The assets securing the notes will consist of a portfolio of primarily Senior Loans, Senior Secured Bonds, Mezzanine Obligations and High Yield Bonds, and will be managed by GoldenTree Loan Management II LP.

Eligibility criteria (includes): it is a Senior Secured Loan, a Senior Secured Bond, an Unsecured Senior Loan, a Mezzanine Obligation, a Second Lien Loan, a Corporate Rescue Loan, a Bridge Loan or a High Yield Bond; it is not a Defaulted Obligation or a Credit Impaired Obligation; it is not a Zero Coupon Security; it is not a Structured Finance Security, letter of credit or a Synthetic Security; it is not a lease; it is an obligation in respect of which the Obligor (or the guarantor of such obligation) is Domiciled in a Qualifying Country, as determined by the Investment Manager; it is not a Project Finance Loan; it is not a Step-Down Coupon Security; it is not an Equity Security or an obligation convertible into an Equity Security.

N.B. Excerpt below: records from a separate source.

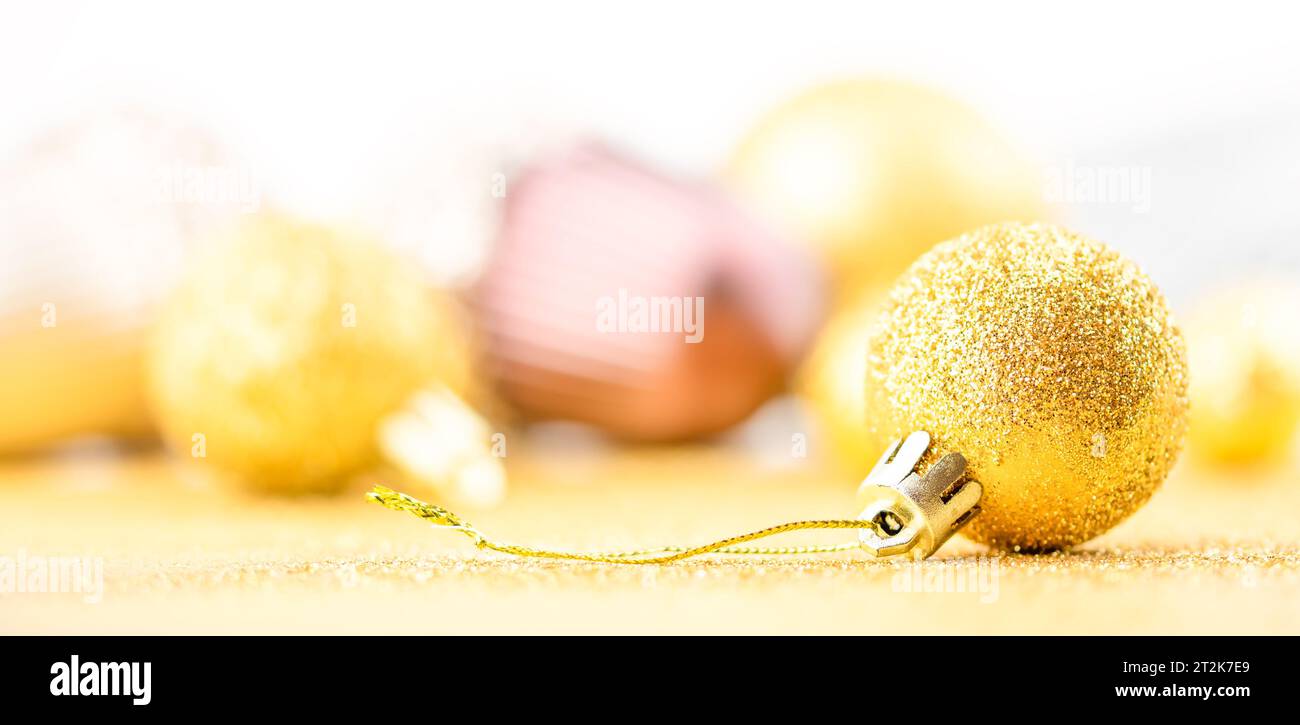 Goldene Weihnachtskugeln. Weihnachtshintergrund. Minimalistisches Design. Stockfoto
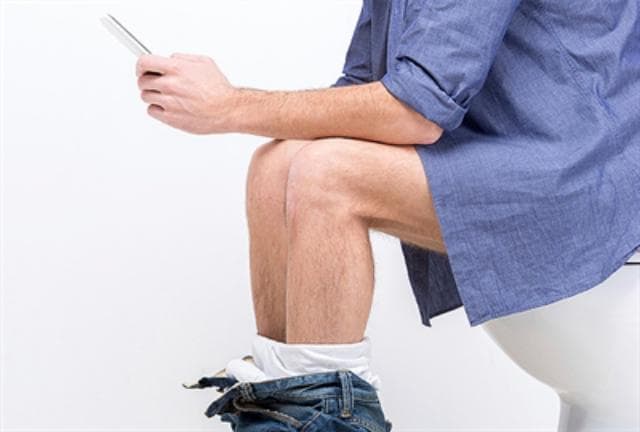 Ilustracija članka: Mobitel ni pod razno nemojte nositi u WC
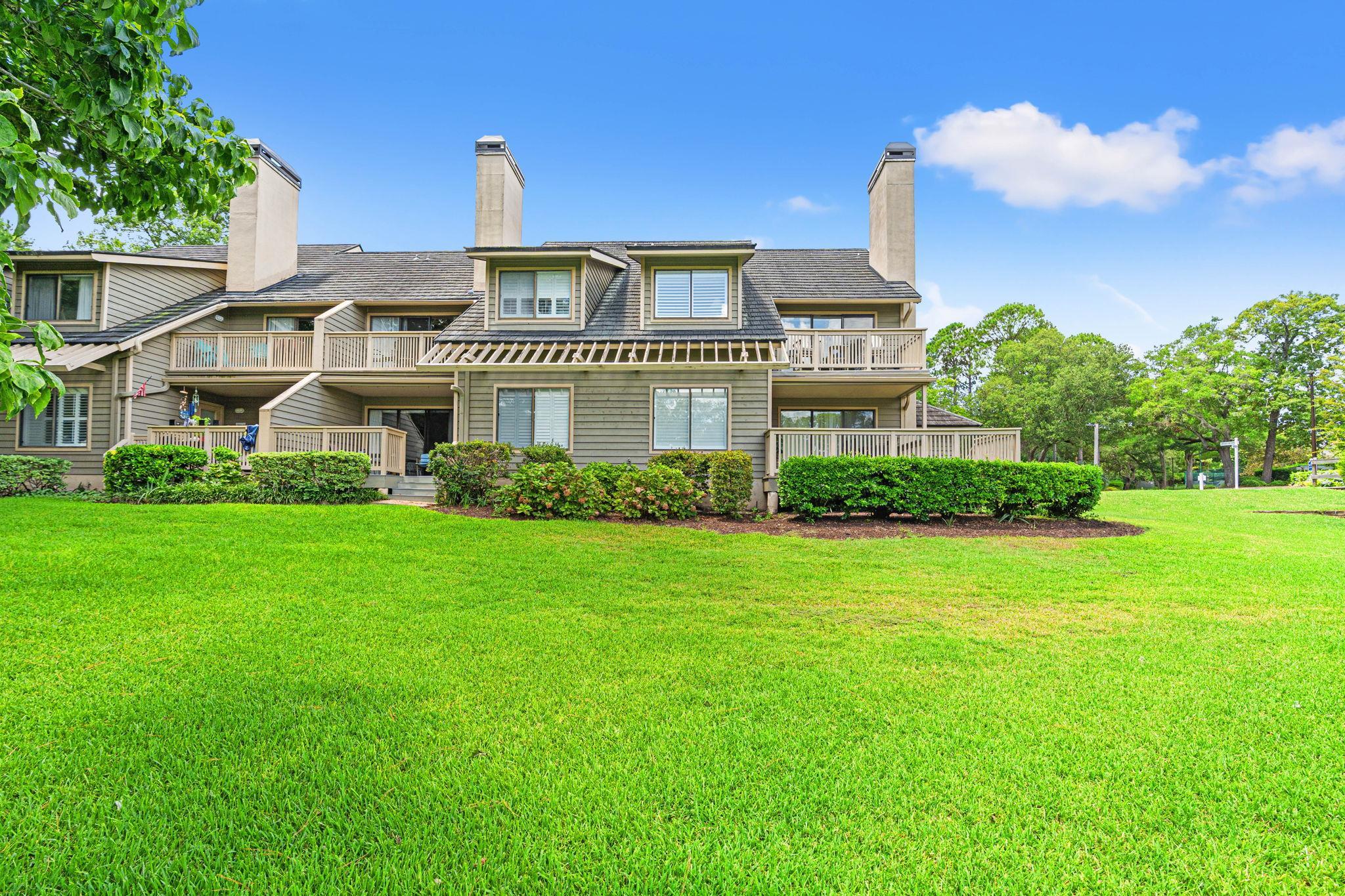 175 Saint Clears Way Unit: 23A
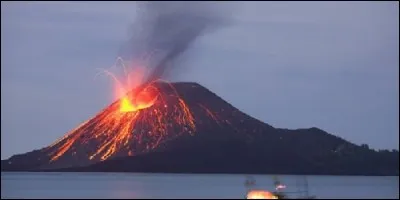De quand date l'activité volcanique en France ?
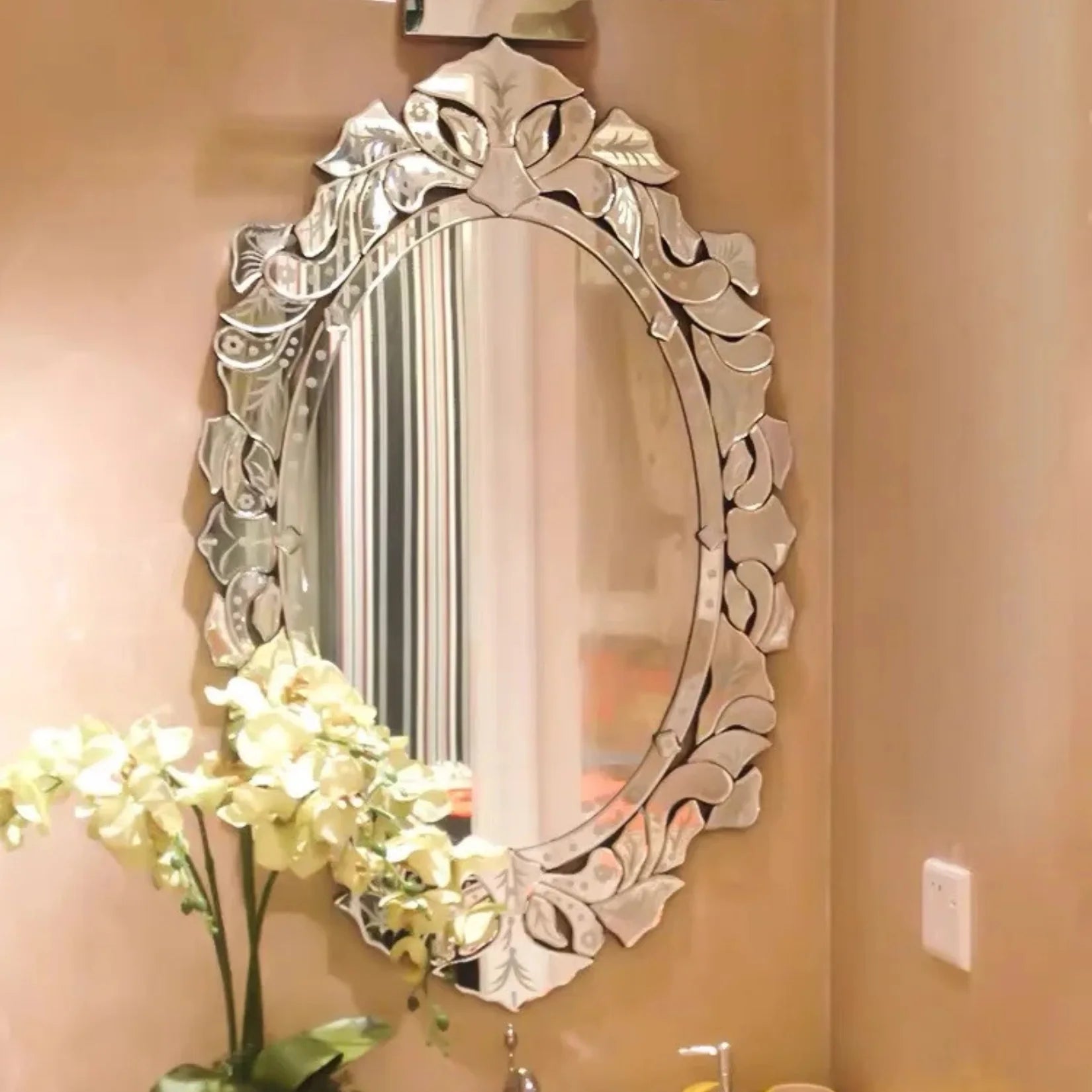 Miroir Vénitien Serenissima dans une entrée avec orchidées.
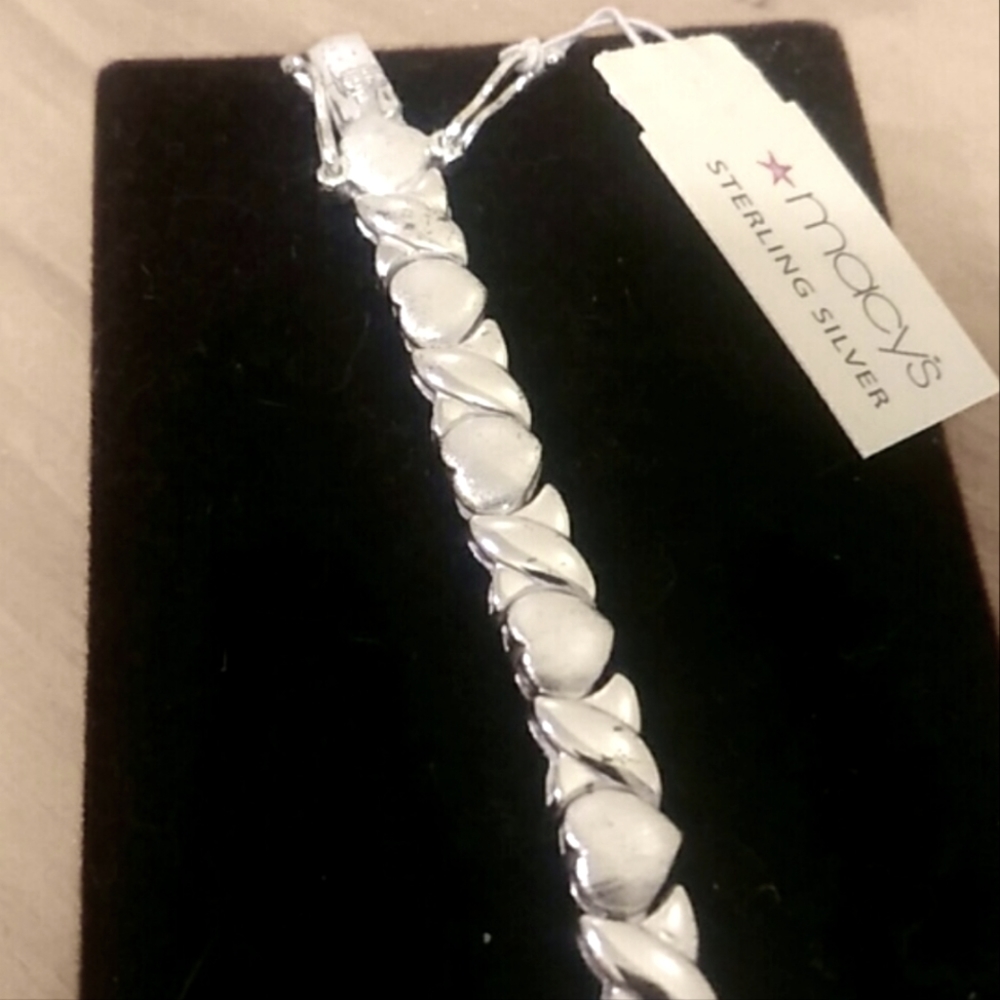 ❤️HP❤️Macy's Sterling Silver Hugs & Kisses Bracelet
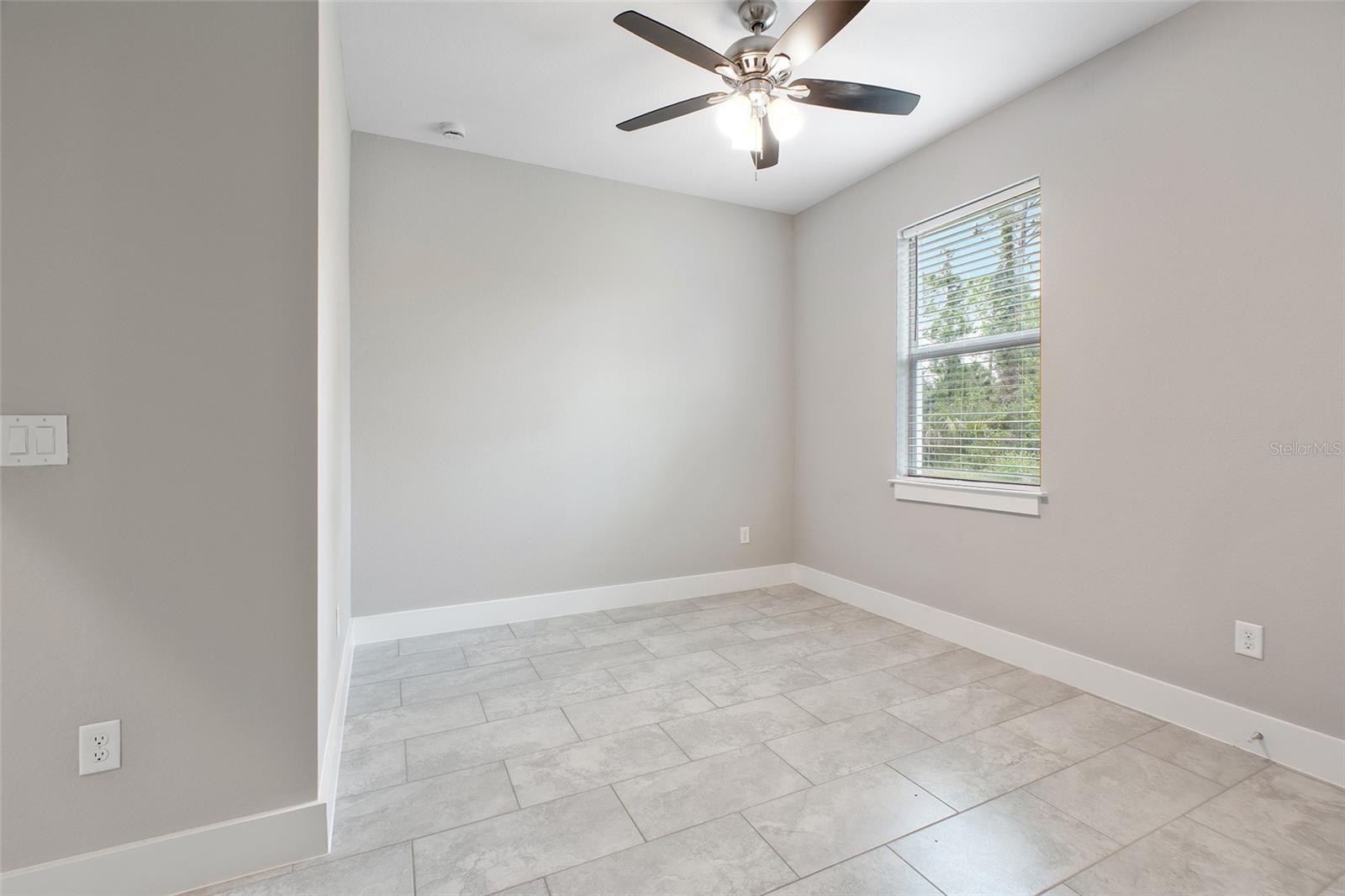 PORT CHARLOTTE SUB 10 - Residential Lease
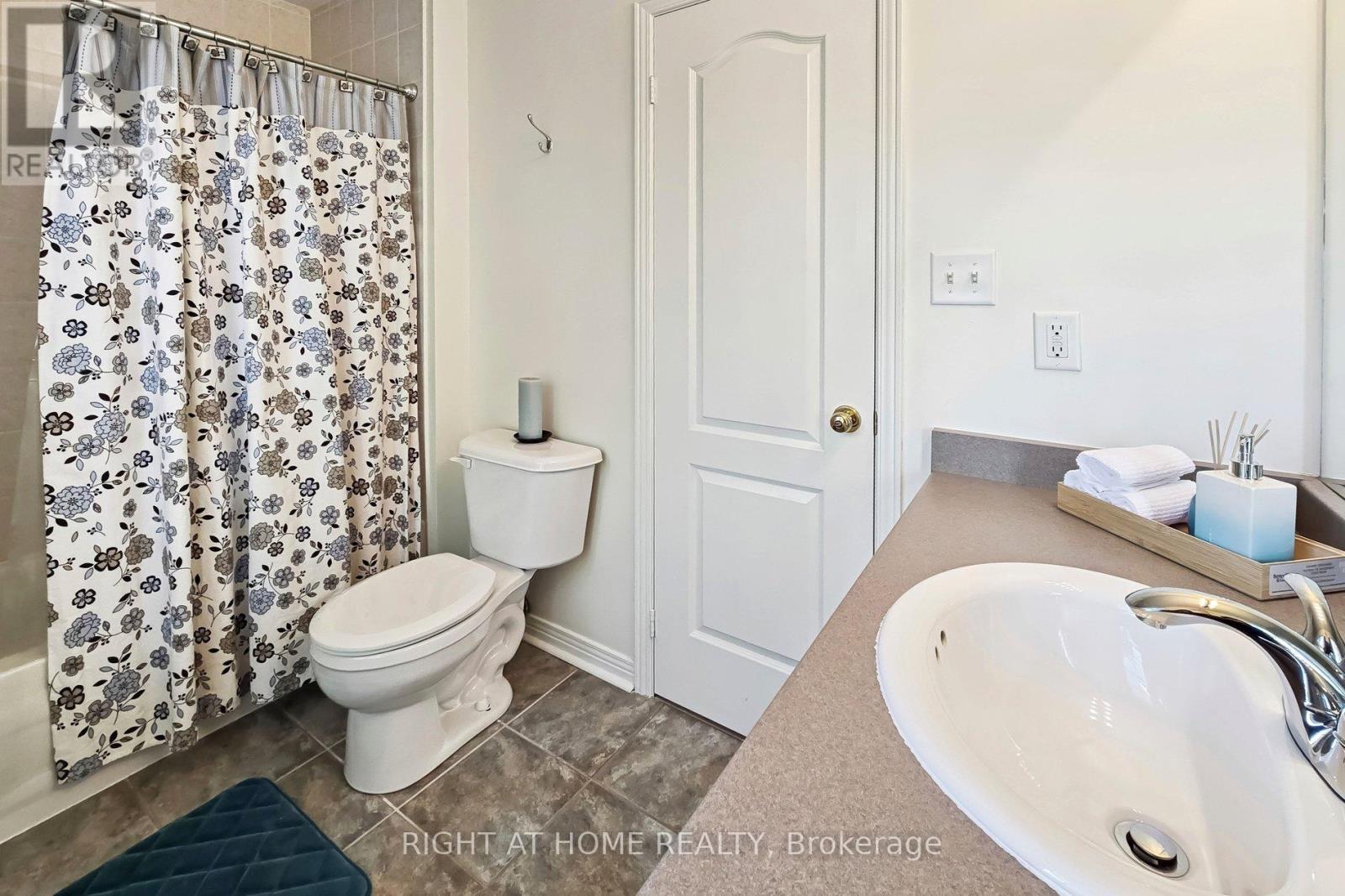 4263 Couples Crescent, Burlington, Ontario  L7M 4Z2 - Photo 29 - W13232180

The Issuer anticipates that, by the Issue Date, it or the Investment Manager on its behalf will have purchased or committed to purchase (including allocated new issues) Collateral Debt Obligations, the Aggregate Principal Balance of which is approximately 80.0% of the Target Par Amount

Morgan Stanley & Co. International plc as Lead Initial Purchaser and Barclays Bank plc as Co-Initial Purchaser expect to offer the Notes from time to time in individually negotiated transactions at varying prices to be determined in each case at the time of sale. Wells Fargo Securities International Limited will act as Placement Agent for the Notes.

EU Risk Retention: While the Retention Holder (the Investment Manager) expects to purchase approximately 100%, or approximately €37.8mln in principal amount, of the Subordinated Notes, the Retention Holder will only commit in the Risk Retention Letter to hold an aggregate principal amount of the Subordinated Notes equal to the Retention Notes, and the Retention Holder may sell any Subordinated Notes in excess of the Retention Notes at any time and for any reason (or for no reason).

US Risk Retention: Based on the (recent) LSTA Decision, it should be assumed by each prospective investor that no party involved in the transaction will obtain on the Issue Date and retain any Notes intended to satisfy the U.S. Risk Retention Rules.